## Exercise brief
In the listing below, locate the line containing "Un incendio en" and the line containing "Wall Mural - Autumn". Output both of them and every line between, exactly as written, and nothing more.

## Exercise inputs
###
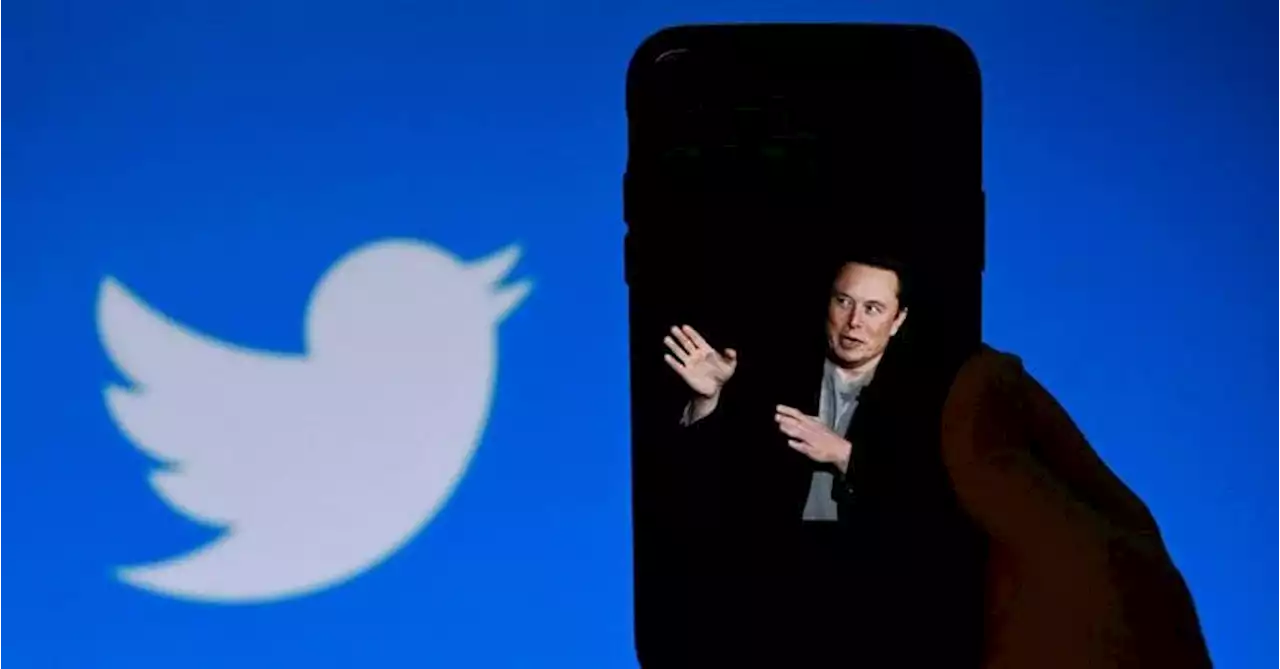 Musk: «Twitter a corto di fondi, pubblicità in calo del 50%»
###
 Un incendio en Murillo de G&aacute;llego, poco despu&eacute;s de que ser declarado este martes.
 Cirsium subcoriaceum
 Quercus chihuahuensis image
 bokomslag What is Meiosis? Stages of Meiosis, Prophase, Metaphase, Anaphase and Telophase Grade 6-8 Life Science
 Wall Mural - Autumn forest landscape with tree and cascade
###
## Exercise output
 Un incendio en Murillo de G&aacute;llego, poco despu&eacute;s de que ser declarado este martes.
 Cirsium subcoriaceum
 Quercus chihuahuensis image
 bokomslag What is Meiosis? Stages of Meiosis, Prophase, Metaphase, Anaphase and Telophase Grade 6-8 Life Science
 Wall Mural - Autumn forest landscape with tree and cascade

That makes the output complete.